It had, as anyone could have predicted, the opposite effect. Anna had
also heard rumors that Booth kept a woman in a house of
prostitution near the White House. And once she had seen a piece of
paper on which Booth had been composing a poem. You could
make out the final version: 

		Now in this hour that we part,
		I will ask to be forgotten never
		But, in thy pure and guileless heart,
		Consider me thy friend dear Eva.

     Anna would sit in the parlor while her mother dozed and pretend
she was the first of these women, and if she tired of that, she would
sometimes dare to pretend she was the second, but most often she
liked to imagine herself the third. 

     Flirtations were common and serious, and the women in
Washington worked hard at them. A war in the distance always
provides a rich context of desperation, while at the same time
granting women a bit of extra freedom. They might quite enjoy it, if
the price they paid were anything but their sons. 

     The new men had hardly touched their food, cutting away the
fatty parts of the meat and leaving them in a glistening greasy
wasteful pile. They'd finished the whiskey, but made faces while they
drank. Anna had resented the compliment of their eyes and,
paradoxically, now resented the insult of their plates. Her mother set
a good table. 

     In fact, Anna did not like them and hoped they would not be
staying. She had often seen men outside the Surratt Boarding House
lately, men who busied themselves in unpersuasive activities when
she passed them. She connected these new men to those, and she
was perspicacious enough to blame their boarder Louis Wiechman
for the lot of them, without ever knowing the extent to which she
was right. She had lived for the past year in a confederate household
in the heart of Washington. Everyone around her had secrets. She
had grown quite used to this. 

     Wiechman was a permanent guest at the Surratt boarding house,
He was a fat, friendly man who worked in the office of the
Commissary General of Prisons and shared John Surratt's bedroom.
Secrets were what Wiechman traded in. He provided John, who was
a courier for the Confederacy, with substance for his covert
messages south. But then Wiechman had also, on a whim, sometime
in March, told the clerks in the office that a Secesh plot was being
hatched against the President in the very house where he roomed. 

     It created more interest than he had anticipated. He was called
into the office of Captain McDavitt and interviewed at length. As a
result, the Surratt boarding house was under surveillance from
March through April, although, it is an odd fact that no records of
the surveillance or the interview could be found later. 

     Anna would surely have enjoyed knowing this. She liked attention
as much as most young girls. And this was the backdrop of a
romance. Instead, all she could see was that something was up and
that her pious, simple mother was part of it. 
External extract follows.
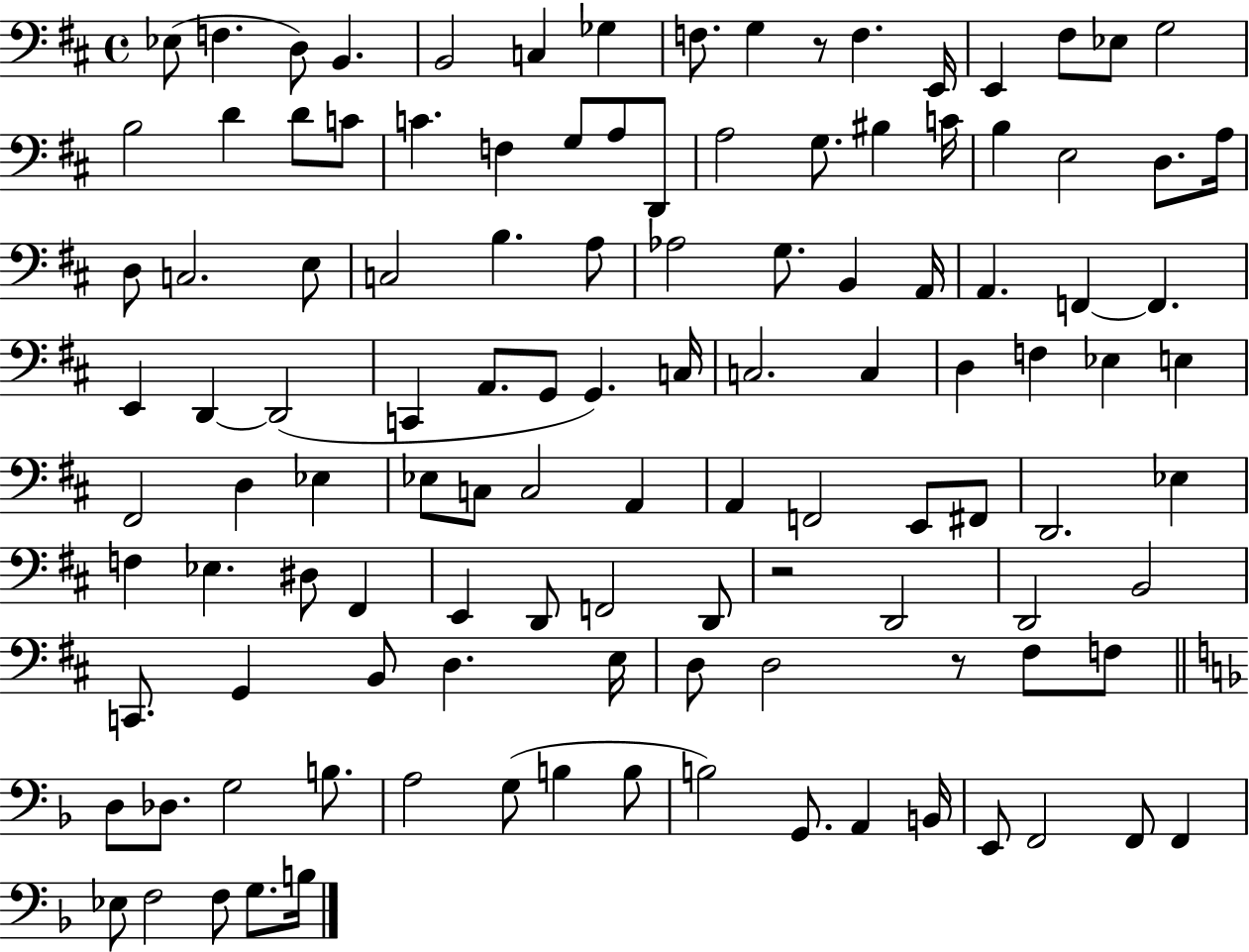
Eb3/e F3/q. D3/e B2/q. B2/h C3/q Gb3/q F3/e. G3/q R/e F3/q. E2/s E2/q F#3/e Eb3/e G3/h B3/h D4/q D4/e C4/e C4/q. F3/q G3/e A3/e D2/e A3/h G3/e. BIS3/q C4/s B3/q E3/h D3/e. A3/s D3/e C3/h. E3/e C3/h B3/q. A3/e Ab3/h G3/e. B2/q A2/s A2/q. F2/q F2/q. E2/q D2/q D2/h C2/q A2/e. G2/e G2/q. C3/s C3/h. C3/q D3/q F3/q Eb3/q E3/q F#2/h D3/q Eb3/q Eb3/e C3/e C3/h A2/q A2/q F2/h E2/e F#2/e D2/h. Eb3/q F3/q Eb3/q. D#3/e F#2/q E2/q D2/e F2/h D2/e R/h D2/h D2/h B2/h C2/e. G2/q B2/e D3/q. E3/s D3/e D3/h R/e F#3/e F3/e D3/e Db3/e. G3/h B3/e. A3/h G3/e B3/q B3/e B3/h G2/e. A2/q B2/s E2/e F2/h F2/e F2/q Eb3/e F3/h F3/e G3/e. B3/s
     The new guest, the one who talked the most, spoke with a strange
lisp and Anna didn't like this either. She stepped smoothly between
the men to pick up their plates. She used the excuse of a letter from
her brother to go out directly after breakfast. "Mama," she said. "I'll
just take John's letter to poor Miss Ward." 
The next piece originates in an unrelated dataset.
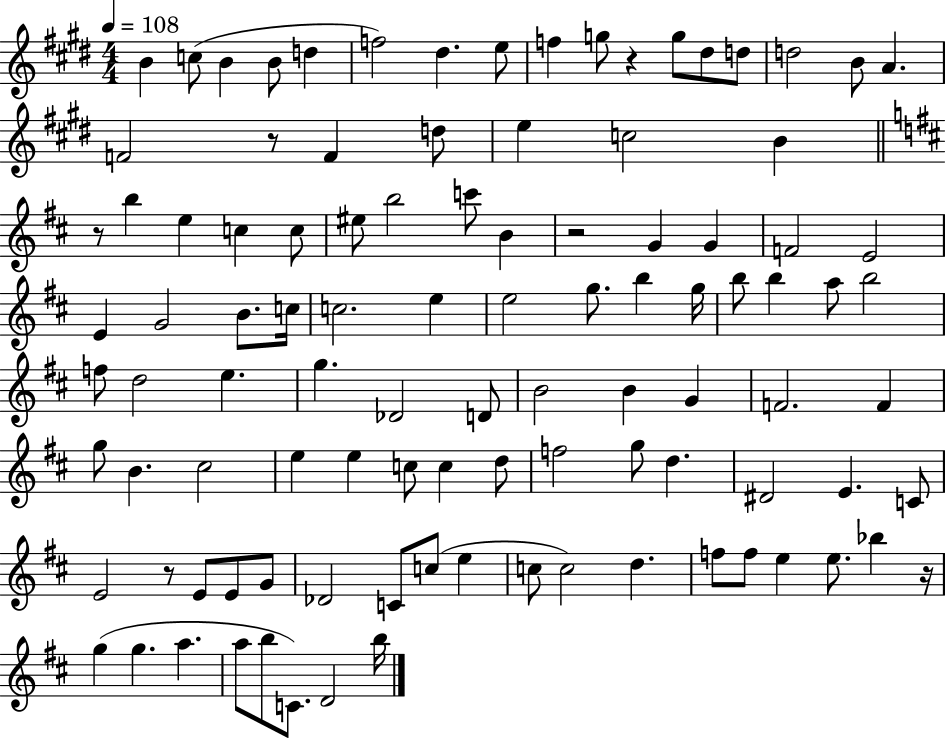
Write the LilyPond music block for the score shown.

     Just as her brother enjoyed discouraging her own romantic
inclinations, she made it her business to discourage the affections of
Miss Ward with regard to him. Calling on Miss Ward with the letter
would look like a kindness, but it would make the point that Miss
Ward had not gotten a letter herself. 

     Besides, Booth was in town. If Anna was outside, she might see
him again. 

     The thirteenth had been beautiful, but the weather on the
fourteenth was equal parts mud and wind. The wind blew bits of
Anna's hair loose and tangled them up with the fringe of her shawl.
Around the Treasury Building she stopped to watch a carriage sunk
in the mud all the way up to the axle. The horses, a matched pair of
blacks, were rescued first. Then planks were laid across the top of
the mud for the occupants. They debarked, a man and a woman, the
woman unfashionably thin and laughing giddily as with every
unsteady step her hoop swung and unbalanced her, first this way and
then that. She clutched the man's arm and screamed when a pig
burrowed past her, then laughed again at even higher pitch. The man
stumbled into the mire when she grabbed him, and this made her
laugh, too. The man's clothing was very fine, although now quite
speckled with mud. A crowd gathered to watch the woman - the
attention made her helpless with laughter. 

     The war had ended, Anna thought, and everyone had gone
simultaneously mad. She was not the only one to think so. It was the
subject of newspaper editorials, of barroom speeches. "The city is
disorderly with men who are celebrating too hilariously," the
president's day guard, William Crook, had written just yesterday. The
sun came out, but only in a perfunctory, pale fashion. 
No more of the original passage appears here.